The tennis boom of the 1990s enabled Russia to become the world’s leader in women’s tennis, also showing that talented children could be good money-spinners. Not surprisingly, when first reports appeared in the media about the sort of money that 17-or 18-year old players were making, crowds of parents started besieging tennis school. Before long, tennis became by far the most popular sport in Moscow, leaving behind the “eternal leader” – soccer. And this is despite the fact than tennis schools charge pretty steep feels with the exception being made only for very gifted children. British filmmakers who shot a documentary about the phenomenon of Russian women’s tennis noted that Russian parents start taking their children to tennis courts at age five or six, compared to eight or 10 in the West.
Of course, in placing their offspring at tennis school, not all parents think about their careers. Still, there are plenty of those determined to derive financial benefit from their children’s athletic prowess. They are not even deterred by the fact that only a handful will reach the tennis pinnacles and million-dollar incomes. In a private conversation, the father of a young tennis player admitted that his daughter could not become an international star, but she was already making pretty good money as a sparring partner for some high-profile players or rich amateurs who hired her for training.
In numerous sociological surveys, parents say they do not take their children to sport schools to make them professional athletes. Still, the commercialization of sport is certainly a factor to be reckoned with. In the wake of the resounding success achieved by pole-vaulter Yelena Isinbayeva at the Athens Olympic Games, there were long lines of those wishing to take up this admittedly minor sport.
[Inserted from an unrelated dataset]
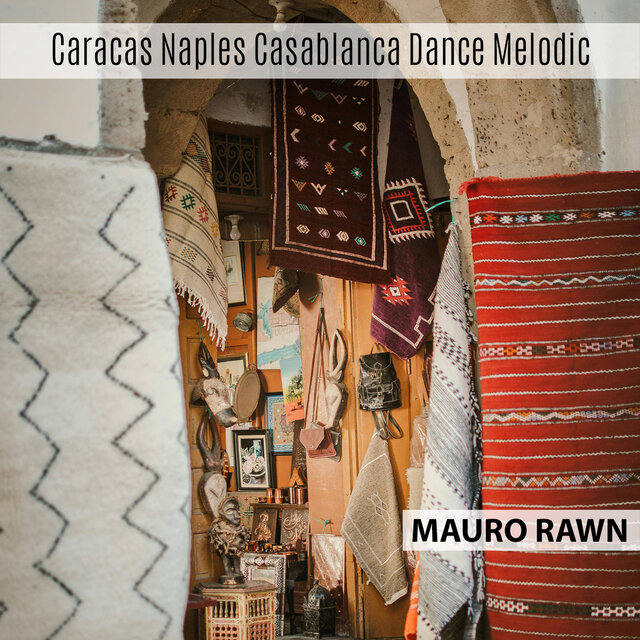 Caracas Naples Casablanca Dance Melodic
No sooner had Tatyana Lebedeva won the world’s most prestigious IAAF Golden League series in the triple jump than parents rushed to entroll their children at the volgograd-based sport school Kaustik, where the champion had started her career.
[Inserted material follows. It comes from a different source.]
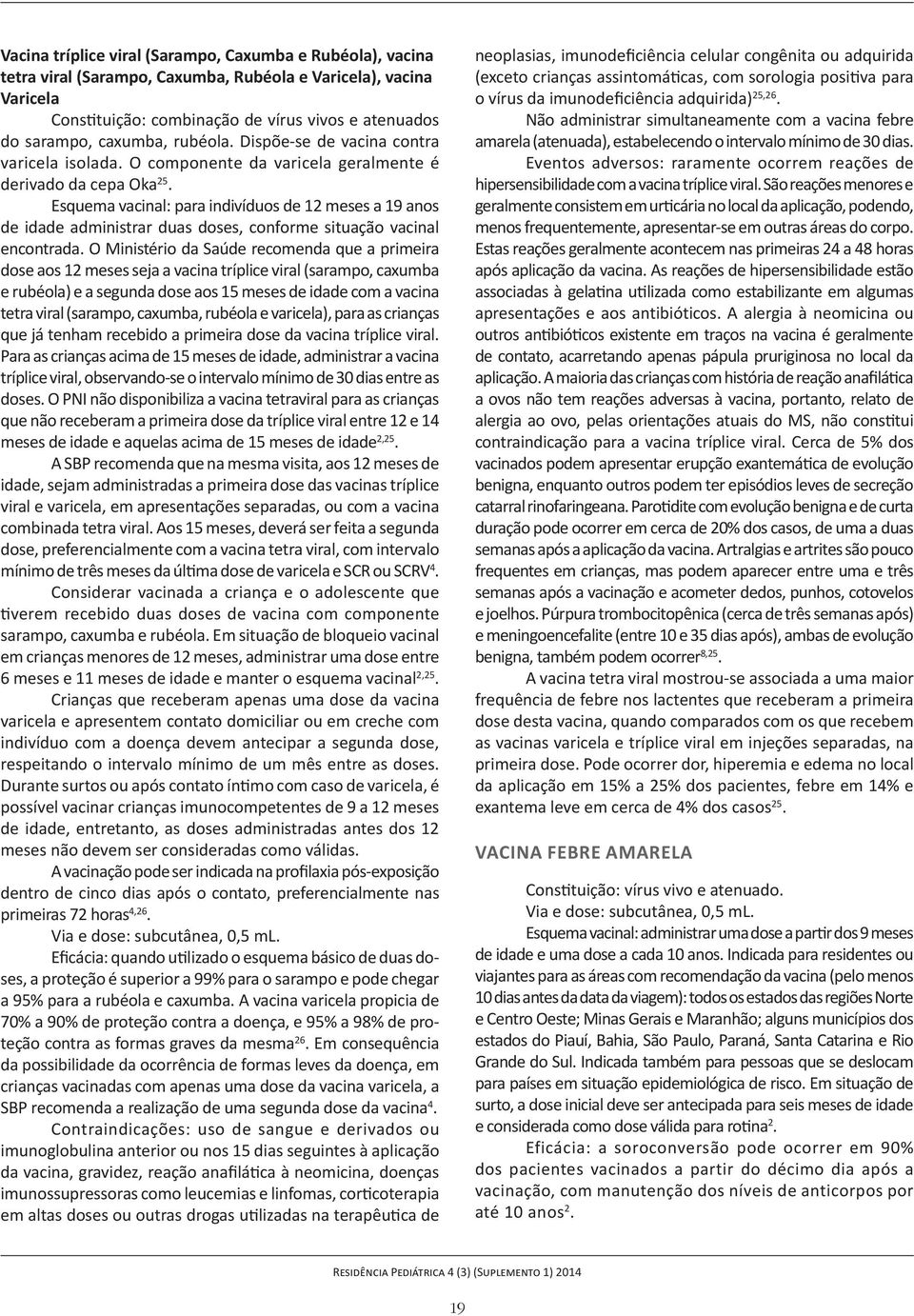 Esquema vacinal: para indivíduos de 12 meses a 19 anos de idade administrar duas doses, conforme situação vacinal encontrada.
Particular sports are known to have suddenly come into fashion. Thus, Irina Rodnina’s spectacular victories made figure skating extremely popular with parents, while the successes scored by the Soviet ice hockey players caused hockey school to spring up even in parts of the country where, due to the warm climate, the sport could only be practiced on artificial ice. In Georgia, in the wake of Nona Gaprindashvili’s victory at the world chess championship, parents saw it a point of honor to place their daughters in a chess school. As a result, the small republic had a galaxy of brilliant women chess players. Yet the parents’ striving to ensure prosperity through sports not only for their children but also for themselves is obviously a new trend.